Clara bangkit, berjalan menghampiri keluarganya. Ia memeluk Jonathan dan Elena dari samping. Alex ikut mendekat, memeluk mereka semua.
Di ruang makan kecil itu, keluarga Rafael berpelukan erat. Hujan di luar semakin deras. Angin mulai berhembus kencang.
"Apapun yang terjadi," bisik Jonathan, suaranya serak, "kalian adalah hal terbaik yang pernah Papa miliki. Papa mencintai kalian."
"Kami juga mencintai Papa," jawab Alex, menenggelamkan wajahnya di bahu ayahnya.

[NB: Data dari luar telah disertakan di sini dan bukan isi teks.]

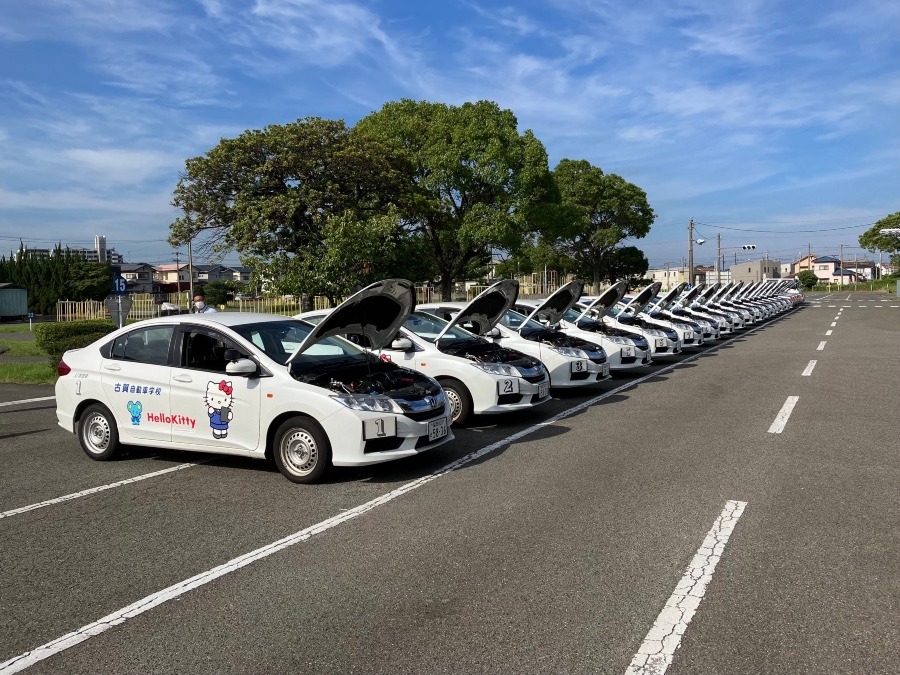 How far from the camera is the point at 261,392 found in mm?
6523

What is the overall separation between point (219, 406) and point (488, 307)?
15.9 ft

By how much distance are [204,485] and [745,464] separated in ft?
16.1

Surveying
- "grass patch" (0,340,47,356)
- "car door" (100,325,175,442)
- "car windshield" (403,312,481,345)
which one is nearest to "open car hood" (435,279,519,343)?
"car windshield" (403,312,481,345)

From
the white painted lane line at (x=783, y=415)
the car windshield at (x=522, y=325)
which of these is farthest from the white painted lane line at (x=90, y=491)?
the white painted lane line at (x=783, y=415)

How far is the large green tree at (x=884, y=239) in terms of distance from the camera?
65625 mm

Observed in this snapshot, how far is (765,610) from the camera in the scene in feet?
12.3

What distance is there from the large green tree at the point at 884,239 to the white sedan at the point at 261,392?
232 ft

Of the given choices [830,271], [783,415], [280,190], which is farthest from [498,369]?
[830,271]

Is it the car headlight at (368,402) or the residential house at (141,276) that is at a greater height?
the residential house at (141,276)

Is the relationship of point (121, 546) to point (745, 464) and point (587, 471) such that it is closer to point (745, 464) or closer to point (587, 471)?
point (587, 471)

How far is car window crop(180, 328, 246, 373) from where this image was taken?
23.0 ft

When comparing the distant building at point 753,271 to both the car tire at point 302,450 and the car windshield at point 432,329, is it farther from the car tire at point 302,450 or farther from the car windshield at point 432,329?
the car tire at point 302,450

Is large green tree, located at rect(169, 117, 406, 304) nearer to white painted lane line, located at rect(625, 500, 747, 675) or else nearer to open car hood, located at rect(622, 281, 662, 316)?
open car hood, located at rect(622, 281, 662, 316)

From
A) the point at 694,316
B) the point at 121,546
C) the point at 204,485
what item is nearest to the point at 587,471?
the point at 204,485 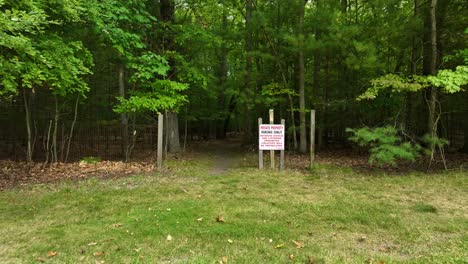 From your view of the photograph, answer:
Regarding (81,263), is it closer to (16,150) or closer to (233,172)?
(233,172)

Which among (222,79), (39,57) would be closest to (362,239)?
(39,57)

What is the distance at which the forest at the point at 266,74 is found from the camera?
894 cm

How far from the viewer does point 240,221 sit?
483cm

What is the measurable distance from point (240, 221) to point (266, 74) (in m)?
10.1

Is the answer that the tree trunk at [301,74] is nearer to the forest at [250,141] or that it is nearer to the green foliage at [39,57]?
the forest at [250,141]

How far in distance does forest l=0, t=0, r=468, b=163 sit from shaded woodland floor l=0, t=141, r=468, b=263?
5.81 feet

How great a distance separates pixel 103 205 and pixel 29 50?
279 cm

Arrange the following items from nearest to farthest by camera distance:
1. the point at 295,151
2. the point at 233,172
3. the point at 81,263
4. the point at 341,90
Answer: the point at 81,263
the point at 233,172
the point at 341,90
the point at 295,151

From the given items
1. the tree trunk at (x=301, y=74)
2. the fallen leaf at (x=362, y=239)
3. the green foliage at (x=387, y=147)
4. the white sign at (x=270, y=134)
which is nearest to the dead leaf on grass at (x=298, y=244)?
the fallen leaf at (x=362, y=239)

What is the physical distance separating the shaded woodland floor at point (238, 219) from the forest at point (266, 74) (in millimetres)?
1770

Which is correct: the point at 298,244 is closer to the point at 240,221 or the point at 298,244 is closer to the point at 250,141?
the point at 240,221

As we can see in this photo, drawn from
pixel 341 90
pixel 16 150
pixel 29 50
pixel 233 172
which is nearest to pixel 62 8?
pixel 29 50

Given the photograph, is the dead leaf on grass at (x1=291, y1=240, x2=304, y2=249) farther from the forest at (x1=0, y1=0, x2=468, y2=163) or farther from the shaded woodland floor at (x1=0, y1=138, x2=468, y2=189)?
the shaded woodland floor at (x1=0, y1=138, x2=468, y2=189)

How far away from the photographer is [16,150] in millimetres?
12953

Clara menangis dalam pelukan itu. Entah kenapa, hatinya terasa sangat sesak. Seolah ini adalah pelukan terakhir mereka.
Jonathan memejamkan mata, menghirup aroma rambut anak-anaknya, merasakan kehangatan istri yang telah menemaninya selama delapan belas tahun. Ia tahu. Ia tahu besok mungkin segalanya akan berubah. Ia tahu orang-orang yang ia ungkap tidak akan tinggal diam.
Tapi ia sudah memilih.
Untuk keadilan. Untuk masa depan yang lebih baik. Untuk anak-anaknya.
Meski ia harus membayarnya dengan nyawa.
"Ayo tidur," kata Jonathan akhirnya, melepas pelukan itu perlahan. "Sudah larut."
Elena menguap. "Papa tidur di kamarku malam ini?"
Jonathan tersenyum. "Boleh. Papa akan bacakan dongeng untuk Elena."
"Aku juga mau!" Alex, meski sudah lima belas tahun, masih ingin merasakan kehangatan masa kecilnya.
"Baiklah. Kalian berdua tidur di kamar Elena malam ini. Mama dan Papa akan menemani kalian sampai tidur."
Malam itu, keluarga Rafael berkumpul di kamar kecil Elena. Jonathan membacakan dongeng tentang ksatria pemberani yang melawan naga jahat. Clara berbaring di samping Elena, mengusap rambut putrinya dengan lembut. Alex berbaring di kasur tipis di lantai, mendengarkan suara ayahnya.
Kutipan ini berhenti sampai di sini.